Both books are available for free download at www.fee.org.

— Lawrence W. Reed is president of the Foundation for Economic Education.


ELIZABETH SCALIA
Wish You Were Here; Travels Through Loss and Hope, by Amy Welborn

A newly-widowed mom takes her children to Sicily for three weeks. Why Sicily? When “home” has been torn out from under you, why not? This almost-lyrical little book is a dose of hope no matter what motivates your need for it.

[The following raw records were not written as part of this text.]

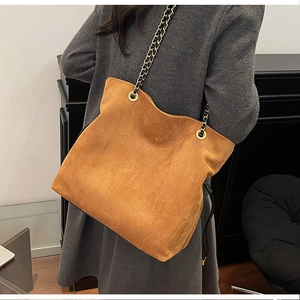 Detail of tan suede tote bag featuring metallic eyelets and leather chain shoulder strap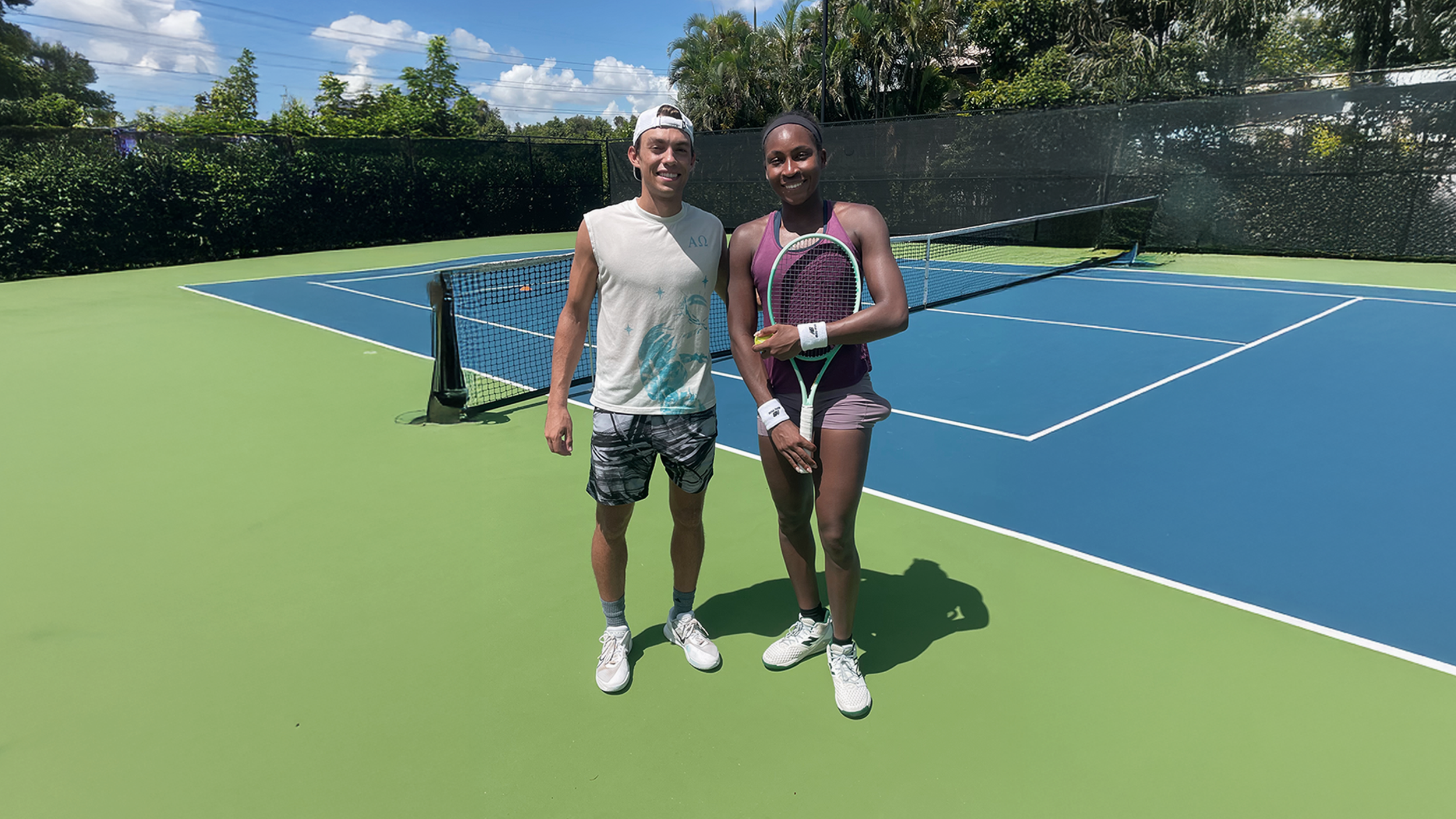 Two people standing on a tennis court, smiling. One is a man wearing a white sleeveless shirt, patterned shorts, and a white cap. The other is a woman wearing a purple tank top, shorts, and holding a tennis racket. There is a tennis net behind them, with greenery and a partly cloudy sky in the background.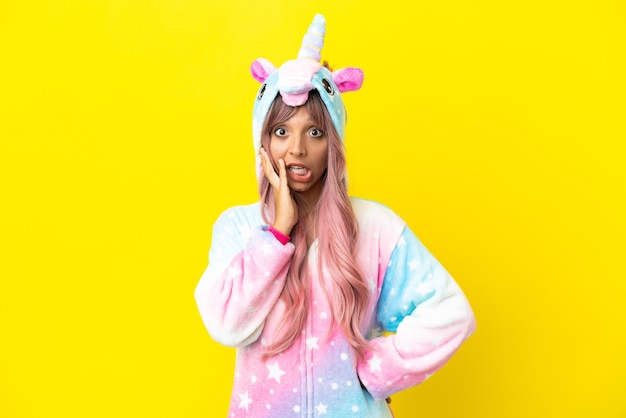 Young mixed race woman wearing a unicorn pajama isolated on white background with surprise and shocked facial expression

A Good Man: Rediscovering My Father, Sargent Shriver, by Mark Shriver
Shriver was perhaps the last great, ardently, unapologetically pro-life Democrat who never got silenced or ignored. He managed to embrace a pro-life stance while not distancing himself from other social-justice issues, which these days would make him something of a rare fish outside the United States Conference of Catholic Bishops itself. A good reminder to Catholics on the right and the left that Catholicism itself strives for wholeness rather than polarization.

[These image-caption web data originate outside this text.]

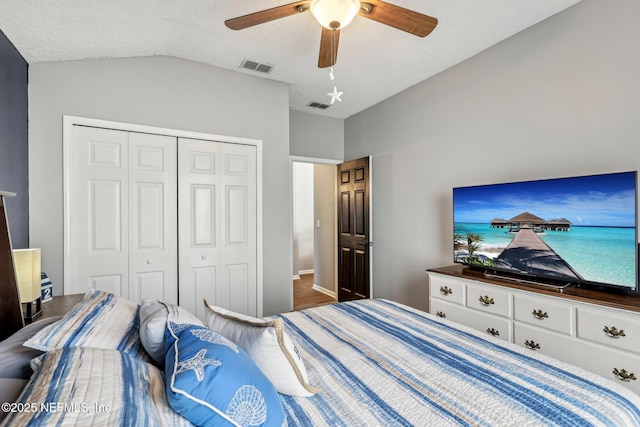 bedroom featuring ceiling fan, vaulted ceiling, a closet, and a textured ceiling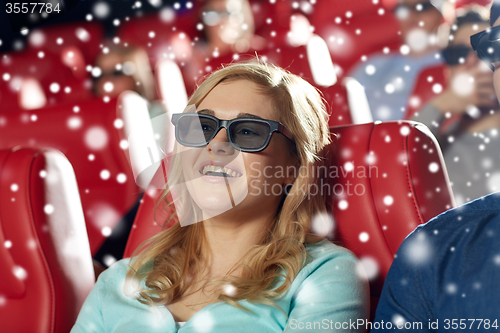 Image of happy young woman watching 3d movie in theater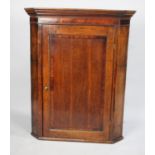 A 19th Century Oak Hanging Corner Cabinet with Panelled Door, 81cms Wide
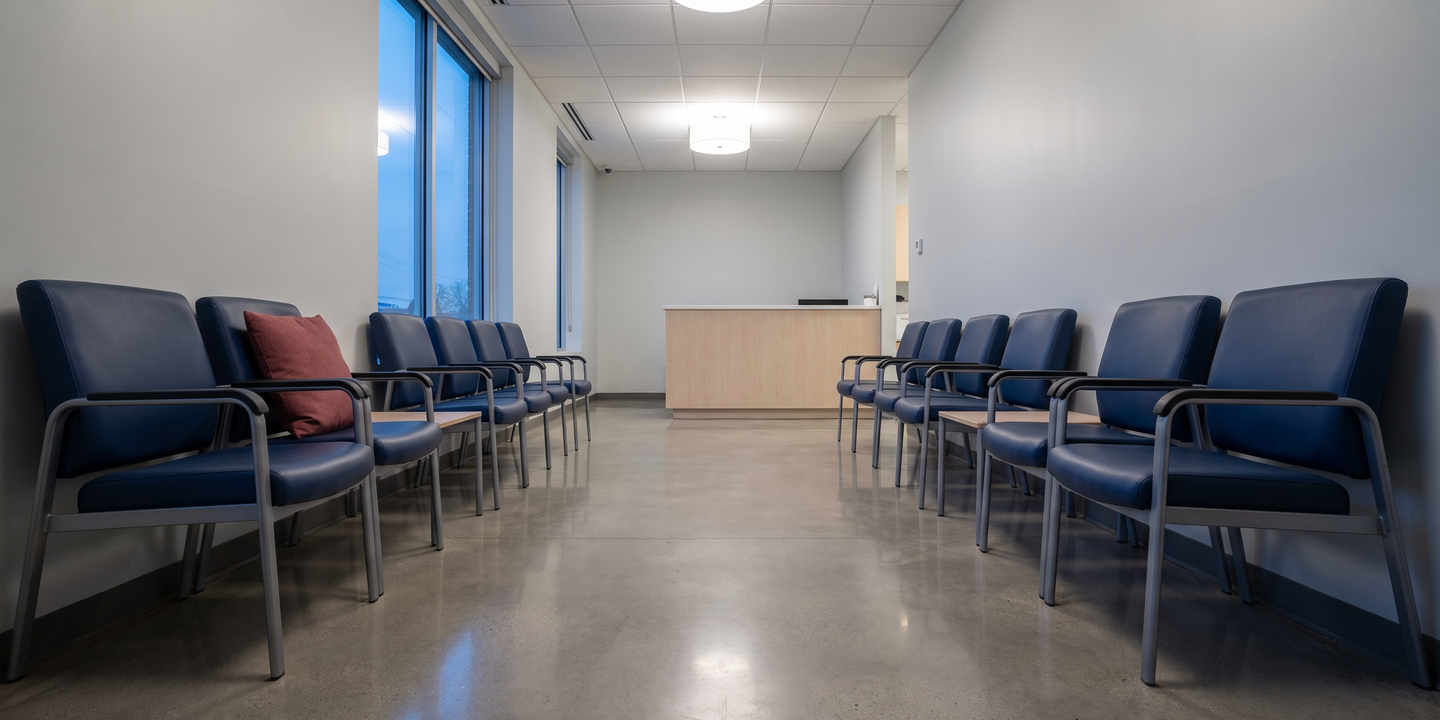 An empty clinic waiting room with vinyl seating and a reception counter after hours.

The Man Who Was Thursday, by G. K. Chesterton
A weird political espionage fantasy that speaks rather keenly, in a way, to our weird political times. Engaging, smart, and a little troubling, as a good book on weird political espionage should be. My elder son devoured it in a gulp and pronounced it “delicious.”

— Elizabeth Scalia is managing editor of the Catholic Portal at Patheos.com, where she also blogs as The Anchoress.

 

BRAD THOR
As we approach the most important election in our lifetime, an election that will decide the fate of our republic, I have immersed myself in some incredible, must-read nonfiction that should be added to everyone’s summer reading list. I also love the escape of exceptional fiction and have a suggestion there as well.

Cowards, by Glenn Beck
Glenn has a sixth sense for predicting just what the country needs and then delivering it to them. His books are always packed with fantastic information, but they’re also accessible and often written with a great sense of humor. In Cowards, Glenn deftly lays out 13 critical subjects that politicians, radicals, and the media do not want us looking into. It is one of my top summer must-reads.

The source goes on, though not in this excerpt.